Collected material

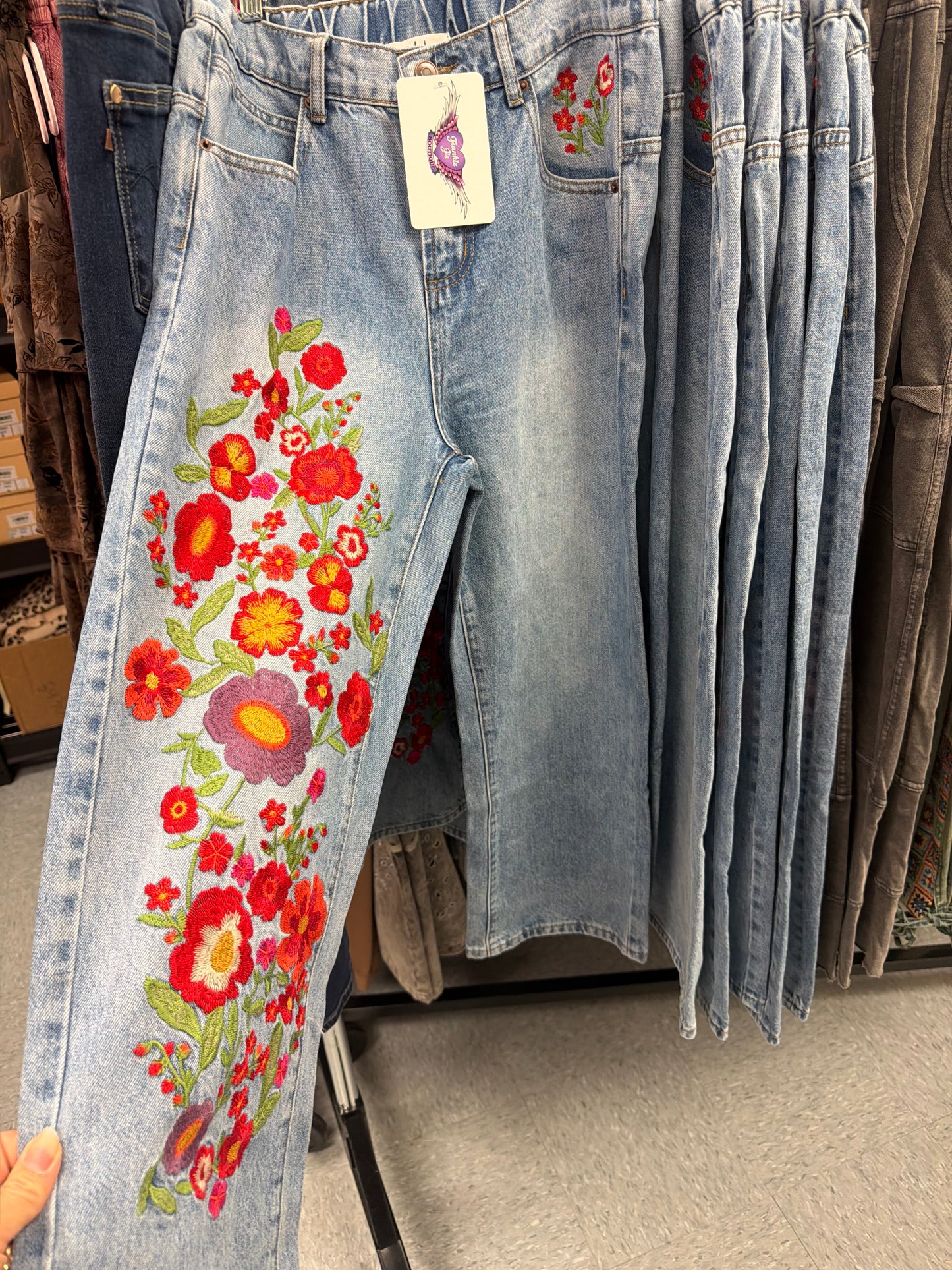 Wildflowers $84.99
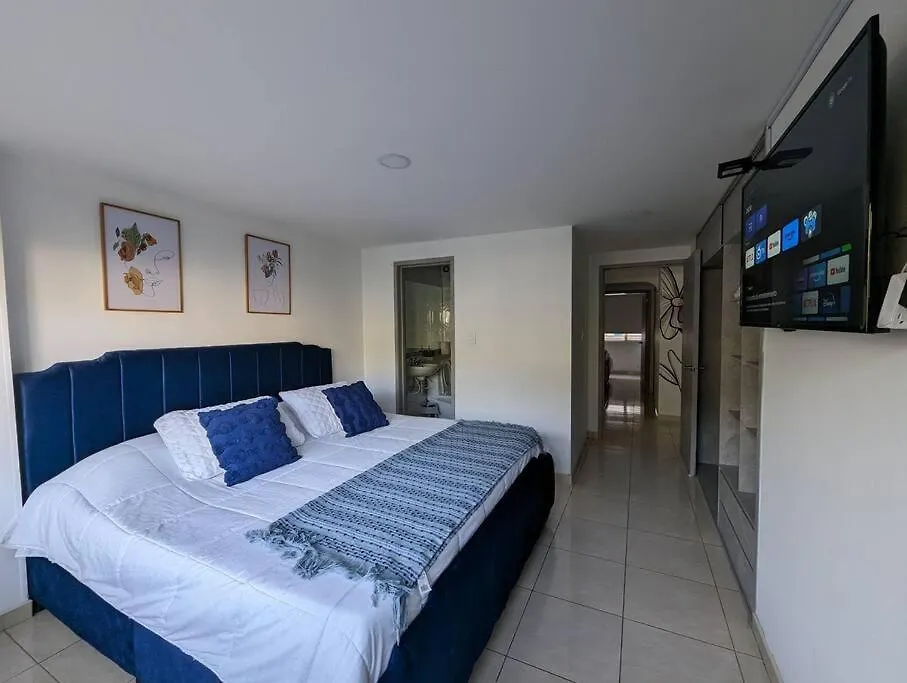 Fantastico Apartamento En Chico Reservado 93 Park! Apartman Bogotá 0*,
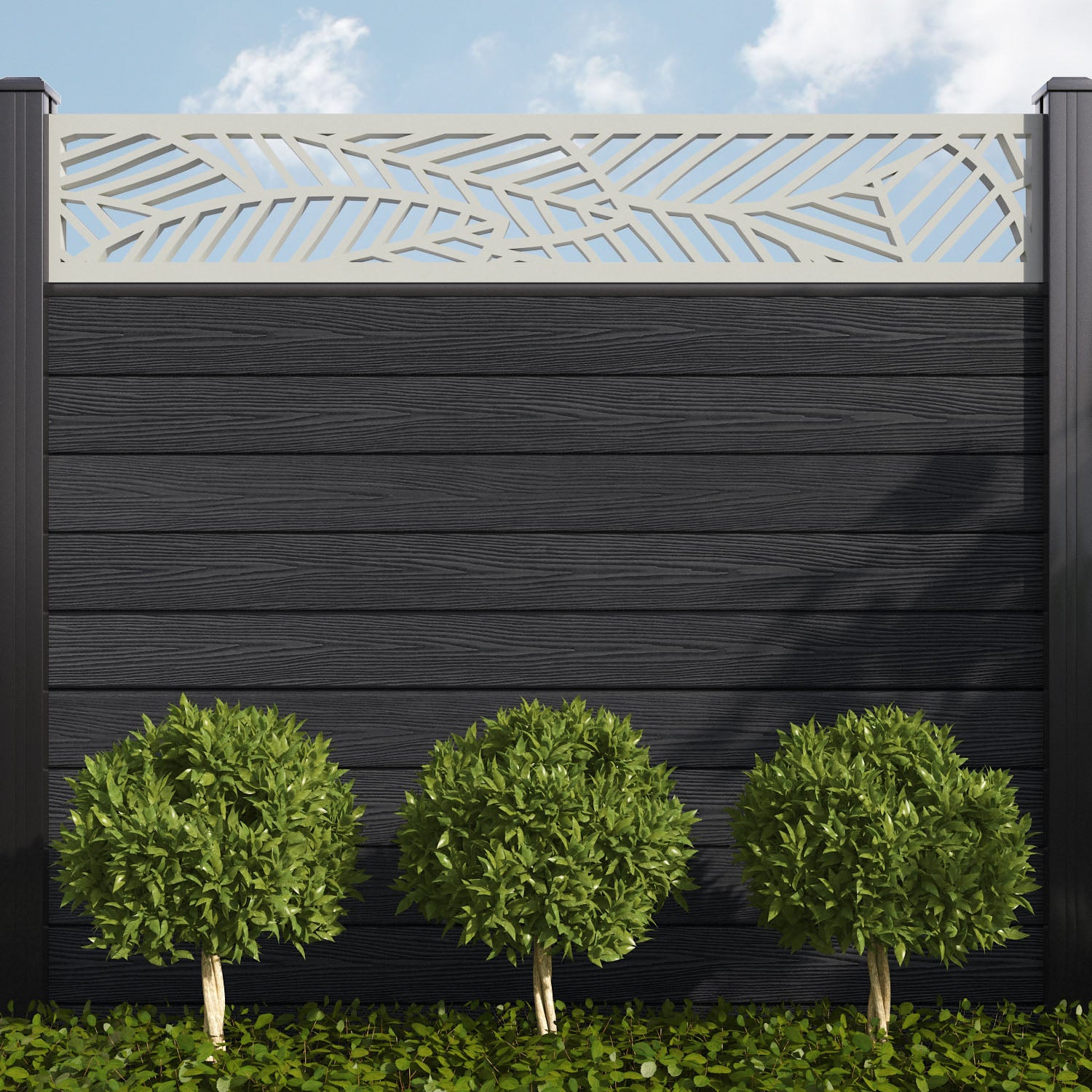 Habitat Fence Screen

Work instruction
Extract only the lines from the line containing "Fantastico Apartamento En" through the final line of the listing above, unchanged; pictures stay out of the copy.

Result of this exercise
 Fantastico Apartamento En Chico Reservado 93 Park! Apartman Bogotá 0*,
 Habitat Fence Screen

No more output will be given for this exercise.